70 65 83.0 1.3 0.0 candidate_descriptions.append(description)
71 26 50.0 1.9 0.0 while i * MAX_BATCH_SIZE < len(candidates):
72 14 32.0 2.3 0.0 candidate_batch = candidate_descriptions[i * MAX_BATCH_SIZE : (i + 1) * MAX_BATCH_SIZE]
73 14 186.0 13.3 0.0 with torch.no_grad():
74 logits = (
75 linking_model.infer(event_description, candidate_batch)[0].detach()
76 14 22.0 1.6 0.0 if device == CUDA
77 14 141131061.0 10080790.1 100.0 else linking_model.infer(event_description, candidate_batch)[0].detach().cpu()
78 )
79 14 850.0 60.7 0.0 candidate_batch_scores = SOFTMAX(logits)[:, 2] # get "entailment" score from model
80 79 625.0 7.9 0.0 for candidate_batch_score in candidate_batch_scores:
81 65 271.0 4.2 0.0 scores.append(candidate_batch_score.item())
82 14 75.0 5.4 0.0 i += 1
83 12 17.0 1.4 0.0 return {"scores": scores}
When using cpu, the inference takes 100% of the time. However, using gpu, inference is taking 18% of the time, and 82% is taken by a python loop transferring items one at a time from gpu to cpu. I think we should try to understand that line (81 above, and copied here):
79 205 6342.0 30.9 0.0 candidate_batch_scores = SOFTMAX(logits)[:, 2] # get "entailment" score from model
80 1792 8394.0 4.7 0.0 for candidate_batch_score in candidate_batch_scores:
81 1587 24353704.0 15345.7 81.8 scores.append(candidate_batch_score.item())

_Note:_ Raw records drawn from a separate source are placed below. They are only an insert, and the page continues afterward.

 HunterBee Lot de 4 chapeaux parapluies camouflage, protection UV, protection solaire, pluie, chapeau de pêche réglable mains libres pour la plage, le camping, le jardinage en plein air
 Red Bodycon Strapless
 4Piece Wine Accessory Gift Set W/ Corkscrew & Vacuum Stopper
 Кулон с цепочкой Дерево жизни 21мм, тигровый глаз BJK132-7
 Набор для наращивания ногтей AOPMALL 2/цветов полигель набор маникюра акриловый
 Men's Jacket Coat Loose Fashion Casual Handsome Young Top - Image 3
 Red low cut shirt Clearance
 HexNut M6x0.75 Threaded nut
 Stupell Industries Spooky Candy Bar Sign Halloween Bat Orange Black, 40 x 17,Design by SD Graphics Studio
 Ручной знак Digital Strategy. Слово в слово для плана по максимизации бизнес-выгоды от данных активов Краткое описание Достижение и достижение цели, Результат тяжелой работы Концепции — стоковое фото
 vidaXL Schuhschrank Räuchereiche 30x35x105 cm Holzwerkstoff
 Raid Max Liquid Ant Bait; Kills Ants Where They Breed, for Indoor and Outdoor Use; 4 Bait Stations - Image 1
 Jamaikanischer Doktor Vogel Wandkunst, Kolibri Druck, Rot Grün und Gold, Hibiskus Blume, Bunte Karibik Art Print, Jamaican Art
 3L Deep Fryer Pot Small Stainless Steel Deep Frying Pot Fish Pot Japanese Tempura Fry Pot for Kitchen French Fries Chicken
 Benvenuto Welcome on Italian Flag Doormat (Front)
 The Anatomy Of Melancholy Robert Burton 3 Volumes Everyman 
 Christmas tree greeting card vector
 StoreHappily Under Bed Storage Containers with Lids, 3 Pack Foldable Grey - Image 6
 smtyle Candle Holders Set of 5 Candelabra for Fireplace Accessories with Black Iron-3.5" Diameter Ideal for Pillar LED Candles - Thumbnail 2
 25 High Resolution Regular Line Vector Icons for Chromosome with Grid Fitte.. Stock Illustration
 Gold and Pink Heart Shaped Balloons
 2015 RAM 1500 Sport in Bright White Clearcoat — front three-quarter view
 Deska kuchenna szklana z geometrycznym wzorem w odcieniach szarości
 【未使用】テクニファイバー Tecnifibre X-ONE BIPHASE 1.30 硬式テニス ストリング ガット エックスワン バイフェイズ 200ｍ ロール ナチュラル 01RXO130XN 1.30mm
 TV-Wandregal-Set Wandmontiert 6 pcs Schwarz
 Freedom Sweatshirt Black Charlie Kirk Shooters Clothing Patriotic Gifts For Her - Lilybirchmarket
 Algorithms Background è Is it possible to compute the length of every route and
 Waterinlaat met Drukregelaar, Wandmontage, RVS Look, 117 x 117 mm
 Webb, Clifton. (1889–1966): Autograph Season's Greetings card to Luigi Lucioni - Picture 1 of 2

82 205 1111.0 5.4 0.0 i += 1
In terms of are the new changes correct, I tested to see if we get the same output as we used to:
$ export PYTHONPATH=.
$ git checkout master
# apply patch to break after first claim processed
$ python cdse_covid/semantic_extraction/run_amr_parsing.py \
--input /nas/gaia/users/joelb/phase3_test_full/cdse_output/topics.zip \
--output amr-master.zip \
--amr-parser-model /nas/gaia/users/joelb/views/cdse-covid/transition-amr-parser \
--max-tokens 50 \
--state-dict /nas/gaia/lestat/shared/wikidata_classifier.state_dict \
--domain covid \
--device cuda
$ git checkout restructure-amr-parsing
# apply patch to break after first claim processed
$ python cdse_covid/semantic_extraction/run_amr_parsing.py \
--input /nas/gaia/users/joelb/phase3_test_full/cdse_output/topics.zip \
--output amr-restructure-amr-parsing.zip \
--amr-parser-model /nas/gaia/users/joelb/views/cdse-covid/transition-amr-parser \
--max-tokens 50 \
--state-dict /nas/gaia/lestat/shared/wikidata_classifier.state_dict \
--domain covid \
--device cuda
The output is in a Parameters key/value store:
$ ls -l *.zip
-rw-r--r-- 1 joelb saga_users 59656 Apr 29 09:25 amr-master.zip
-rw-r--r-- 1 joelb saga_users 59656 Apr 29 09:04 amr-restructure-amr-parsing.zip
Same size, so that's promising, but they are not identical with binary compare:
$ diff amr-master.zip amr-restructure-amr-parsing.zip
Binary files amr-master.zip and amr-restructure-amr-parsing.zip differ
But the size and "key" of each entry is the same:
$ unzip -l amr-master.zip | head
Archive: amr-master.zip
Length Date Time Name
--------- ---------- ----- ----
7068 04-29-2022 09:25 d8aa6397
1283 04-29-2022 09:25 68f089b2
1580 04-29-2022 09:25 3e7748c6
1687 04-29-2022 09:25 78c0b308
1886 04-29-2022 09:25 25ceafda
1094 04-29-2022 09:25 789c9cd4
1405 04-29-2022 09:25 b0d50836
$ diff <(unzip -l amr-master.zip | perl -ne 'print "$1,$2\n" if /^\s*(\d+).+?(\w+?)$/') <(unzip -l amr-restructure-amr-parsing.zip | perl -ne 'print "$1,$2\n" if /^\s*(\d+).+?(\w+?)$/')
No diffs, so I'm assuming we have identical results.
Most of the time is spent on the Wikidata linking. It would be nice if we could locate why it is taking so long and if there's anything we could do about it.